Open Access
Behavioral and Cytogenetic Analysis of the cacophony Courtship Song Mutant and Interacting Genetic Variants in Drosophila melanogaster
Author(s) -
Shankar J. Kulkarni,
Jeffrey C. Hall
Publication year - 1987
Publication title -
genetics
Language(s) - English
Resource type - Journals
SCImago Journal Rank - 2.792
H-Index - 246
eISSN - 1943-2631
pISSN - 0016-6731
DOI - 10.1093/genetics/115.3.461
Subject(s) - biology , genetics , drosophila melanogaster , courtship , complementation , mutation , mutant , hum , breakpoint , gene , chromosome , art , paleontology , performance art , art history
The courtship song of a Drosophila melanogaster male consists of tone pulses interspersed with humming sounds.
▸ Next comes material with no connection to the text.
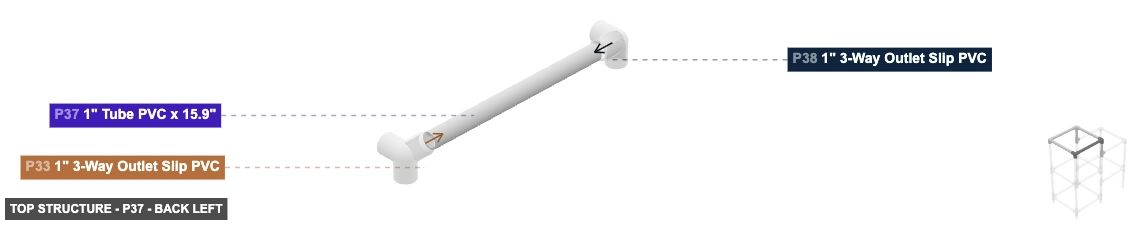 Top Structure - Part 1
An X chromosomal mutation, cacophony (cac), causes the production of polycyclic pulses readily distinguishable from those in wild type, which are mono- or bicyclic. Yet, courtship hums and flight wing beats are normal in this mutant, suggesting a specific role of the cac gene in the neural program underlying one particular feature of the fly's wing vibrations. A precise cytogenetic localization of cac is presented; this was obtained by uncovering the song abnormality with deletions that are missing all or the distal part of region 11A; the flies tested were diplo-X adults that had been turned into males by the transformer mutation. Duplications including distal 11A covered cac. The possibility of behavioral specificity for cac's effects was examined by screening a variety of sexual and nonsexual behaviors; these experiments included tests of flies in which the mutation was uncovered by a small deletion. We conclude that cac causes only a limited array of well-defined defects: longer and louder tone pulses in the song and depressed locomotor activity. Further complementation tests involving cac and other closely linked genetic variants--the night-blind-A (nbA) visual mutation, l(1)L13 lethal mutations, and a series of X chromosomal breakpoints--suggested complex interactions among these factors: the breakpoints uncover all three types of mutations; cac and nbA appear to be alleles of l(1)L13, whereas the two behavioral mutations complement each other.